The author states that in her mind people remain “persons” no matter what they do. I am less certain. Canadians are well acquainted with the case of 1990s school-girl killers, Karla Homolka and Paul Bernardo, who committed heinous sexual crimes against 3 young teens (one of them Karla's sister) that they recorded on video. Bernardo has dangerous offender status and remains incarcerated for life. In spite of her active role in the crimes, Bernardo’s ex-wife served only 12 years in a federal penitentiary-- because of a plea bargain. Since her release from prison, Homolka has married and had children. Some say she is a changed person. I’m doubtful.
A more recent case in Ontario, Canada involved a third-grade child, Victoria Stafford, who was lured from her school at lunch by a young woman and her boyfriend. They sexually assaulted her, murdered her, and then dumped her body in a wooded area miles from where she was abducted.
When animals turn violent, they are “humanely euthanized”. However, it is considered inhumane and barbaric to euthanize psychopathic, compulsive, sexually violent humans. Humans are, it is thought, above animals. But are they?
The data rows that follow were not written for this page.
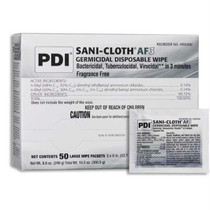 Sani-cloth Af3, Individual Packets, Large, 5" X 8"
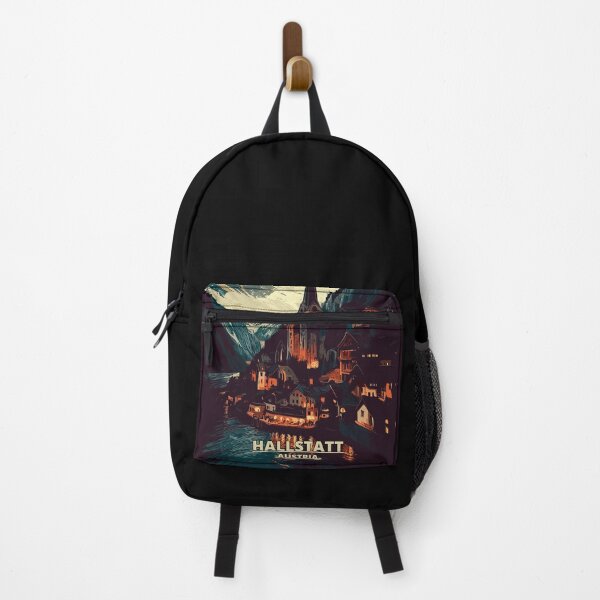 Item preview, Hallstatt in night, Austria designed and sold by TomFrontierArt.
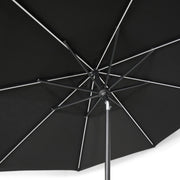 9' Designer Infinite 360° Auto Tilt Solar Lux Umbrella Black - The Great Escape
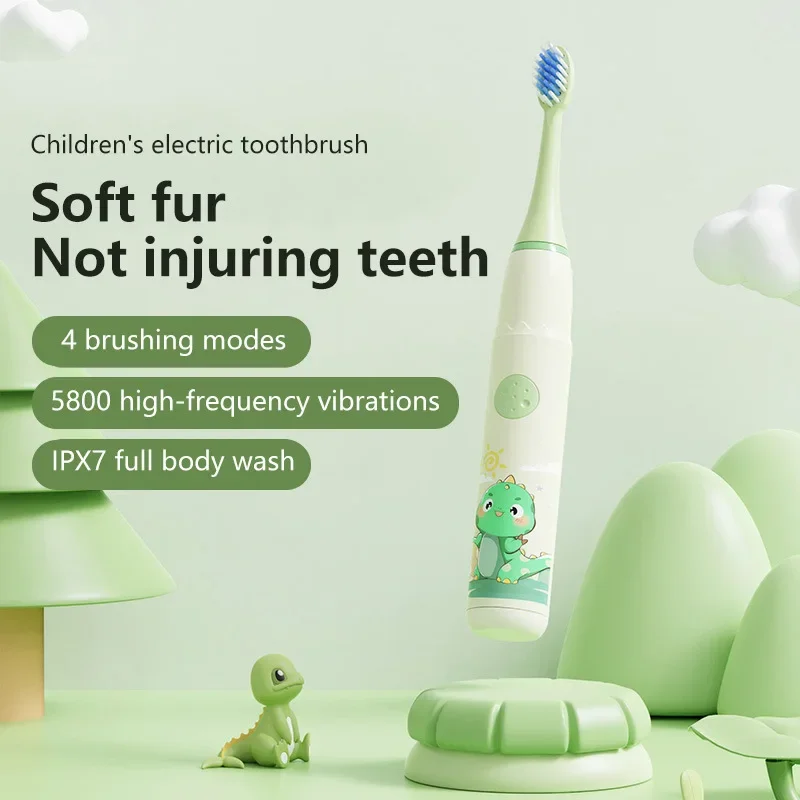 Children's Electric Toothbrush Colorful Cartoon IPX7 Waterproof With Replacement Heads Automatic Rechargeable Brush For Kids
Children's Electric Toothbrush Colorful Cartoon IPX7 Waterproof With Replacement Heads Automatic Rechargeable Brush For Kids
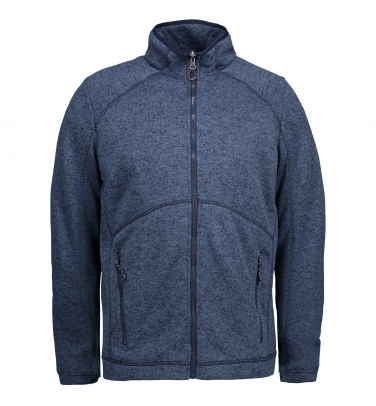 Męska bluza Zip’n’Mix melange fleece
According to Marzano-Lesnevich’s book, before Ricky Langley was born, doctors wanted to abort the fetus. His mother had been in a body cast for months after a car accident that killed two of her children. She was impregnated while in this cast. Ricky had been exposed in utero to innumerable x-rays and a multitude of likely neurotoxic drugs. His mother had also abused alcohol. I cannot help but think how much better it would have been for all if this child had never been born.
In light of the Canadian criminal cases I’ve cited above, I was not well-disposed to going over and over the details of a crime the author of this book was plainly obsessed with. The Fact of a Body is competently written. It is also sensational. The author's decision to meld the story of her own abuse by a pedophilic relative with a criminal case that she took certain liberties with—embroidering and fictionalizing aspects of it for psychological and dramatic effect--is questionable. Strangely, although she concludes her book by describing her arrival at Angola--the prison where Ricky Langley is incarcerated--only her greeting of him is described. She tells nothing about how her meeting with him went. A cop out. She also sheds little light on how her understanding of the death penalty may have evolved as a result of her personal investigation into his crime. (In childhood, she says, she was vehemently opposed to capital punishment, yet when she first learned of Ricky Langley’s crime, she did not want him to live.) All we know at the end is that she finds his being sentenced to life imprisonment for second-degree murder an “elegant” solution that somehow addresses the complexity of the situation.
Marzano-Lesnevich, who trained as a lawyer but decided against going into practice (it would have been interesting to know why), says she "fell in love with law" years before because it allowed the making of a story, “a neat narrative of events,” that “finds a beginning, and therefore cause.” “But,” she says, “I didn't understand then that the law doesn't find the beginning any more than it finds the truth. It creates a story. That story has a beginning. That story simplifies, and we call it truth.” I would say this is a fair bit of fancy intellectualizing. Many of us are under no illusion that the law is linked with or leads to the truth. It's an intellectual game in which attorneys have been known to quibble over the meaning of the word “is”.
What is clear is that Jeremy Guillory, a six-year-old child, died because he was strangled--asphyxiated. Ricky Langley could lead the police to the child’s body and explain exactly how the child died. Ricky’s semen was found on the boy’s shirt. That is the truth. What to do with the humans who do these things, many of them remorseless, simply unable to be rehabilitated, statistically certain to re-offend, is the bigger question. Is warehousing them for life the answer?